また、ゼラチンおよびコラーゲンの製造販売において、国内外に5か所の工場を有するゼライス株式会社,塩釜ガス株式会社および宮城ケーブルテレビ株式会社等から構成される稲井グループの中核企業であり、東北における有力企業グループの一つである。
沿革と逸話
江戸時代

現在の宮城県石巻において、味噌,醤油の醸造販売および塩田開発等を行う。
江戸時代の必需品供給網

地元で有名な「貞山堀」は、藩主伊達政宗の手掛けた事業の一つである。江戸時代から東北本線開通まで主要な物資の輸送手段であった。この貞山掘の改修工事を、稲井家の祖先が手掛けた。
1905(明治38)年

稲井善八が稲井善八商店を創業する。
「クジラ公害」と解決策の提示

株式会社稲井の前身の稲井善八商店の発祥は、宮城県の牡鹿半島の南端,鮎川である。1905(明治38)年当時、鮎川は鯨による恩恵を受け、活気に満ちていた。稲井善八商店も鯨肉,鯨油の販売の他、香料やテニスのガット等を製造し全国に販売していた。しかし、鯨からとれる油分は蝋燭や石鹸の原料となったが、その「搾りカス」を原因とする、所謂「クジラ公害」が大きな社会問題となっており、捕鯨会社と地域における関係に亀裂が生じ始めた。そこで、初代社長は、原因の「搾りカス」を廃棄せずに、農業用肥料の原料とすることを試みた。これが功を奏し、捕鯨会社と地域の関係の改善につなげることができた。
1906(明治39)年

鯨の残滓を利用した農業用肥料を開発する。また鯨資源の完全利用を目指し、鯨肉缶詰を製造開始する。
東北地方における鯨缶詰と「クジラ公害」対策の応用

鯨をはじめとする天然資源の完全利用を目指し、東北地方における鯨肉を食文化に確立するため、缶詰の製造に着手した。缶詰が売れた後、鯨肉の販売に注力した。
1930(昭和  5)年

塩釜ガス株式会社の設立に参加する。
1935(昭和10)年

千島列島に出先工場を建設する。
第二次世界大戦の中で

昭和10年頃になると、日本国内で捕鯨事業が盛んになり、事業者が競って日本列島を北上した。この動きに稲井善八商店も追随したのだった。千島に鯨の赤肉加工,肥料,鯨肉およびゼラチン原料の生産拠点である工場を設営するが、太平洋戦争の終決とともに外地資産は全て没収された。

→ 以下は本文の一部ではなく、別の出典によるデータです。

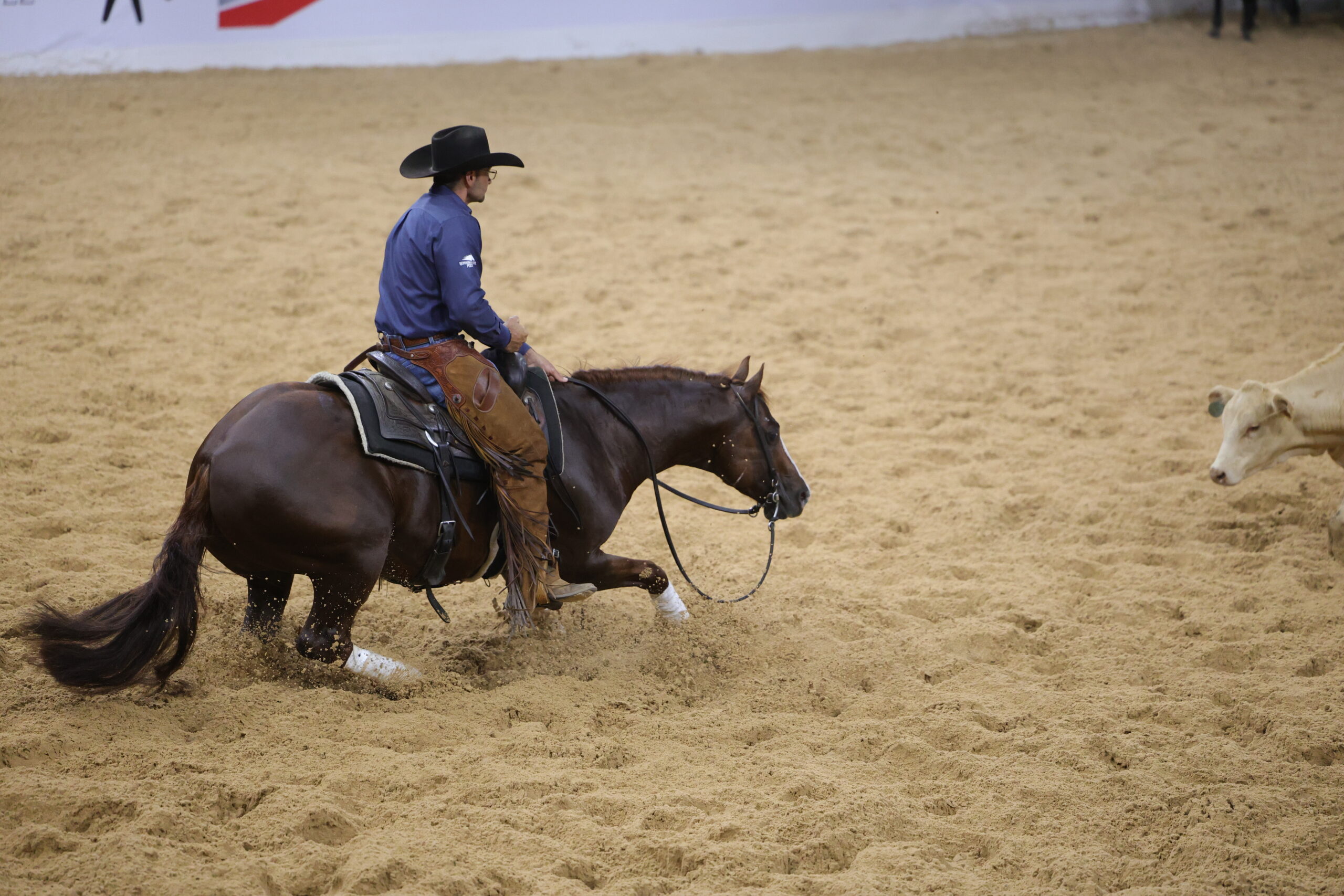 LBR Hangem_Kenny Platt_2026 NCHA Summer Spec_File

米国より缶詰製造設備を導入し、手工業缶詰製造から機械製缶詰製造へ切り替える。
稲井ブランドの確立

缶詰製造の機械化に伴い、宮城県塩釜市内に新鋭工場の建設に取り掛かった。その頃、捕鯨基地と隣り合わせに工場を設置するというのが一般的であったが、同基地と分離した工場を建設し、鯨肉だけを工場へ運び込み加工するという当時としては画期的な戦略であった。こうした設備の近代化により単価を格安に設定でき、他社に追随させることなく、稲井善八商店の名を確立させた。
1940(昭和15)?1944(昭和19)年

仙台市の南小泉に宮城化学研究所を設立する。

東北大学(現在)井上博士と共同研究の末、鯨由来のゼラチン製造に成功する。

世界初の鯨原料のゼラチン製造工場,宮城化学工業所を建設する。

宮城化学工業所を宮城化学工業株式会社(現,ゼライス株式会社)に改組する。

家庭で親しまれる「ゼライス」の起源

大正時代には、捨てるところがほとんどないと言われた鯨でも頭の部分の有効利用ができずに困っていた。鯨の頭部だけは、農業用肥料の原料に含まれていなかったため、依然として廃棄する他はなかった。そこで、2代目社長となる稲井善夫は、東北大学(現在)の井上博士(生化学の権威)に相談したところ、コラーゲンタンパクから生成するゼラチンが有効だと教授され、井上博士の指導のもと宮城県仙台市において宮城化学研究所を設立した。現在で言うところのベンチャー企業である。10年以上もの研究の末、宮城化学工業所を設立(昭和16年10月29日)し、世界で初めて鯨を原料とするゼラチンの製造を開始した。これは、太平洋戦争開戦の1か月前のことであった。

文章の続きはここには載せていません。